『BLEACH』福士蒼汰×[ALEXANDROS]川
上洋平インタビュー 2つの視点で語
られるアクションと演技、映画音楽へ
の想い

『BLEACH』は、久保帯人原作で『週刊少年ジャンプ』で2001年から連載を開始し、単行本全74巻で累計発行部数1億2,000万部を記録する漫画。霊が見える高校生・黒崎一護(くろさきいちご)が、ある日突然現れた死神・朽木(くちき)ルキアから、死神の力を与えられ、家族や仲間たちのために悪霊・虚(ホロウ)と戦う物語だ。同作の初の実写映画化作として7月20日(金)に封切られる『BLEACH』では、主人公・黒崎一護を福士蒼汰が演じ、朽木ルキア役で杉咲花が出演。
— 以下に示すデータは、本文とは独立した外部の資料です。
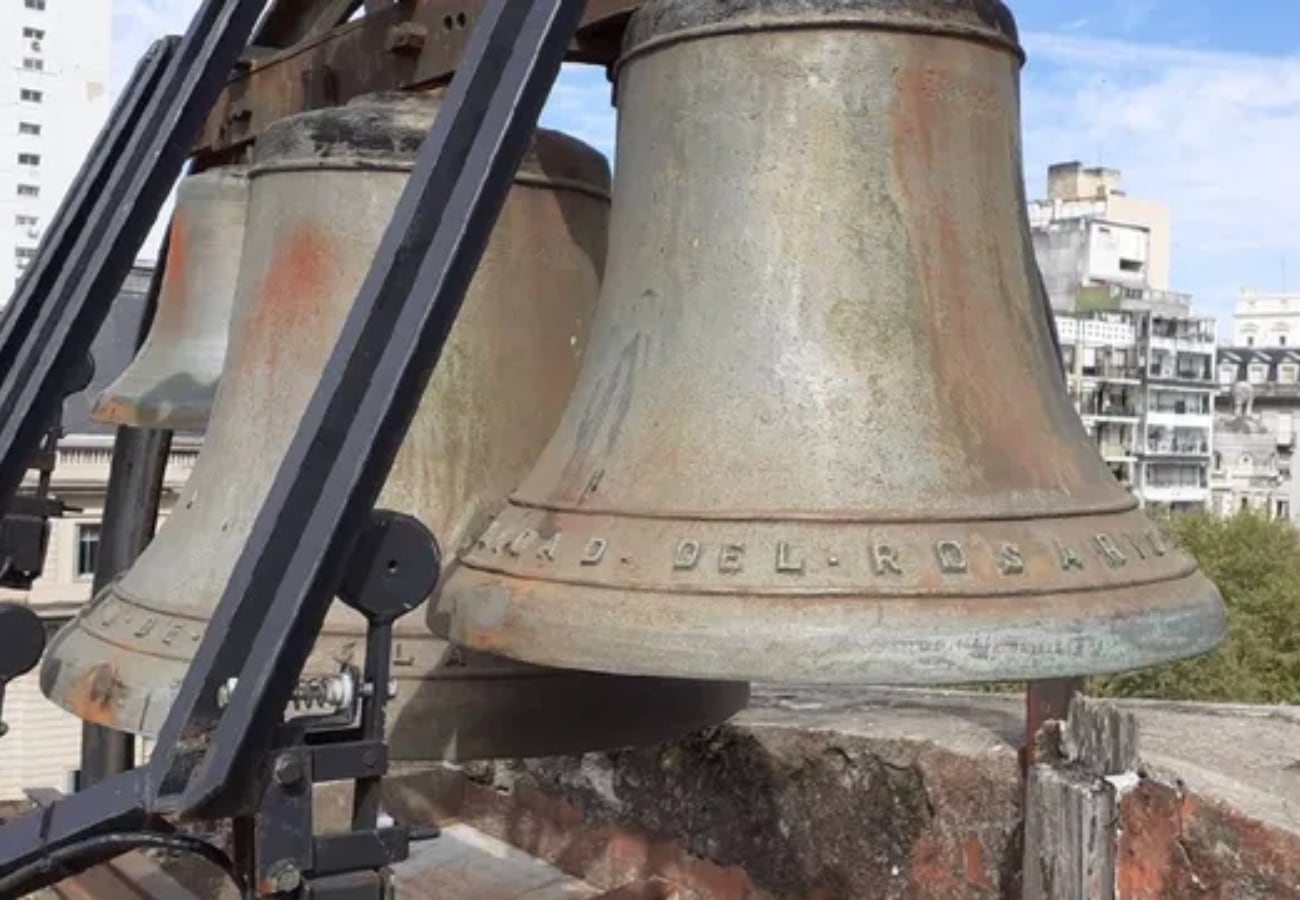 El campanario del edificio de la Municipalidad, ubicado en Buenos Aires y Santa Fe.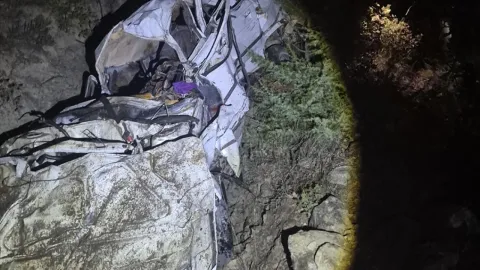 Çankırı'da otomobil uçuruma yuvarlandı: 4 ölü, 1 yaralı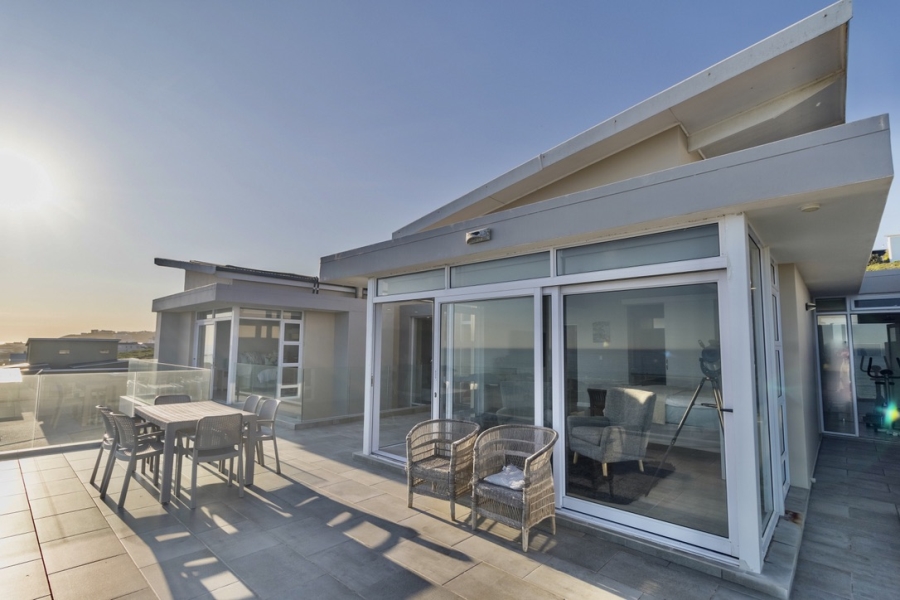 4 Bedroom Property for Sale in Yzerfontein Western Cape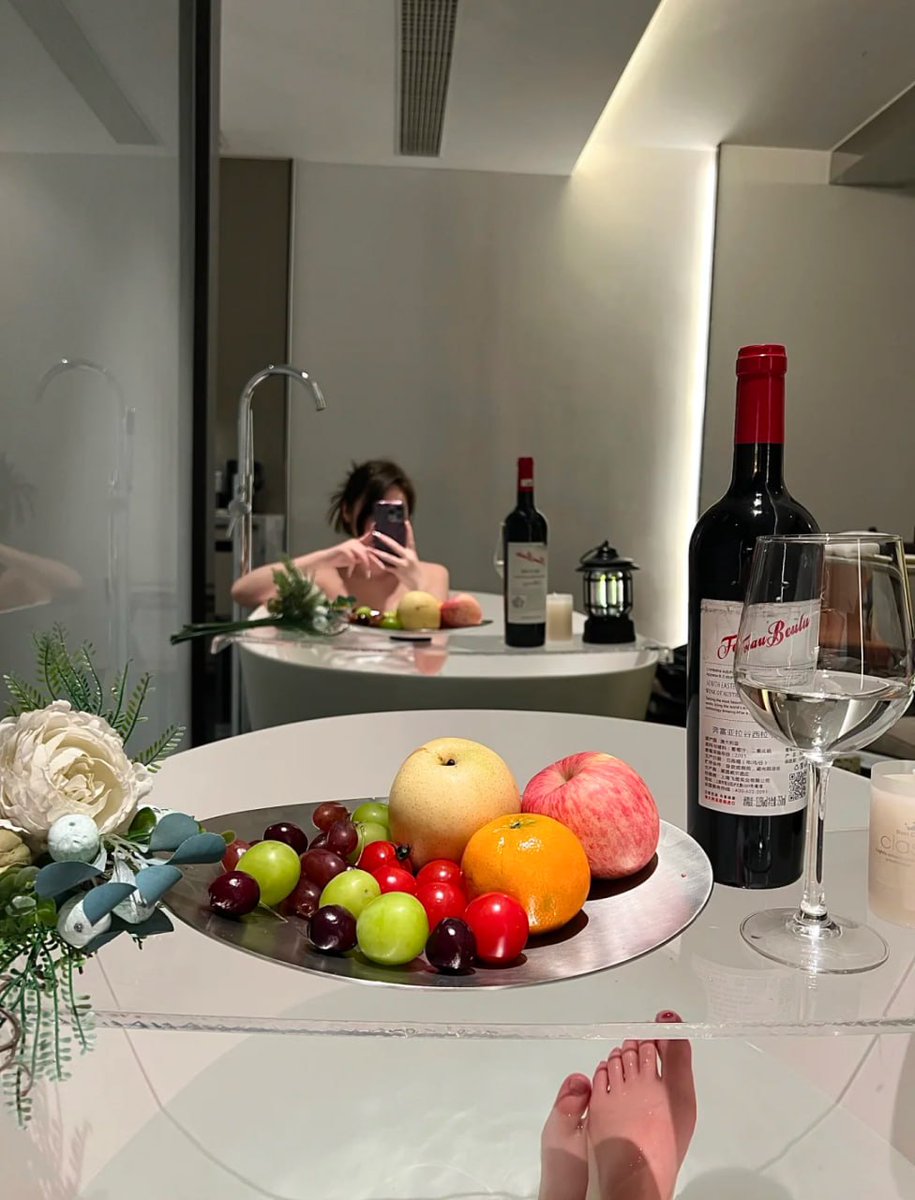 PandaVibes12's tweet photo. ✨ Time to wash away the day’s stress and soak in some self-care magic! 🛁

#BathTimeTherapy #MeTime https://t.co/GBTAdsps08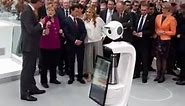 Angela Merkel meets the concept consumer robot!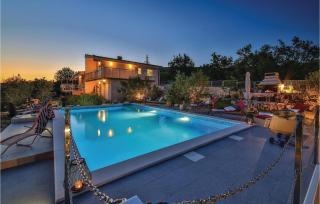 Three-Bedroom Holiday Home In Labin - Labin - 0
メガホンを『GANTZ』や『アイアムアヒーロー』の佐藤信介監督がとり、佐藤作品で長らくタッグを組んできた下村勇二氏がアクション監督を務めている。
CGとアクションの融合が生み出す独特の映像表現や、キャスティング、実写映画化ならではの原作の再解釈など、みどころも多い同作。そんな中でも、[ALEXANDROS]による主題歌「Mosquito Bite」、そして挿入歌「MILK」の果たす役割は大きい。定番のエンドロールだけでなく、登場人物の感情や物語とリンクする形で楽曲が使用されているからだ。年間100本以上の映画を鑑賞し、映画コラムも連載していた[ALEXANDROS]川上洋平(Vo/Gt)は、どんな想いで楽曲を手掛け、完成した作品をどう観たのか? そして、主演の福士蒼汰は楽曲から何を感じ取ったのか? 2ショットインタビューで語ってもらった。
"熱い"黒崎一護と"冷たい"福士蒼汰のギャップ
福士蒼汰 撮影=岩間辰徳
――『BLEACH』の原作は、日本以外でも有名な漫画です。福士さんは、実写化作品で主演を演じるプレッシャーみたいなものは感じられましたか?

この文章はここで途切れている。